Required action
When you transcribe the data below, reproduce every line exactly and leave each picture out.

Provided material
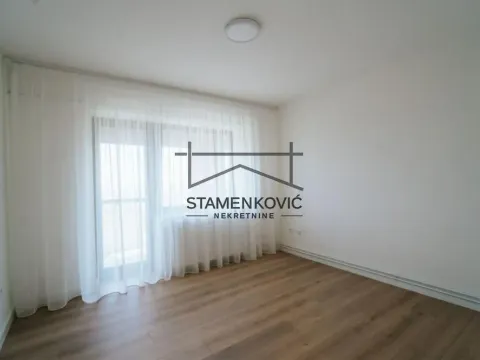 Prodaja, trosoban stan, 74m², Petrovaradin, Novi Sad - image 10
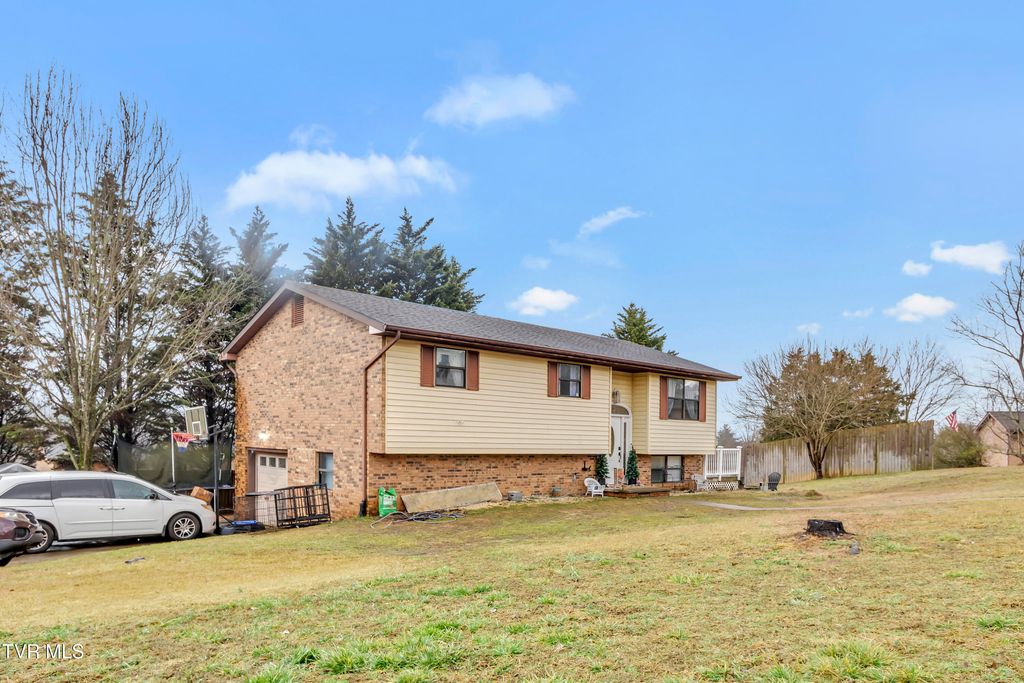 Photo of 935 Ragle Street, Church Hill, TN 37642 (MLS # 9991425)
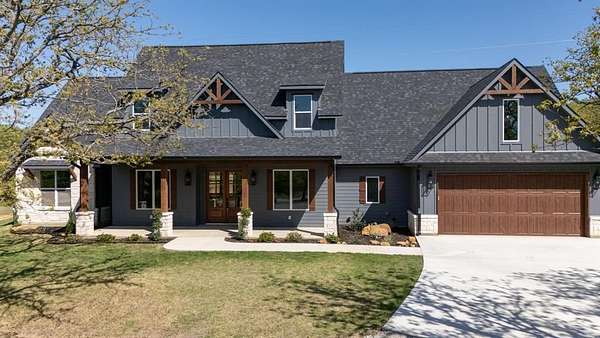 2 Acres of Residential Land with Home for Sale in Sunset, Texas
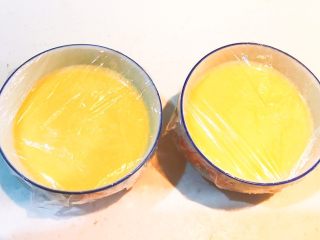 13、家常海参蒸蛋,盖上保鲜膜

Solution for this problem
 Prodaja, trosoban stan, 74m², Petrovaradin, Novi Sad - image 10
 Photo of 935 Ragle Street, Church Hill, TN 37642 (MLS # 9991425)
 2 Acres of Residential Land with Home for Sale in Sunset, Texas
 13、家常海参蒸蛋,盖上保鲜膜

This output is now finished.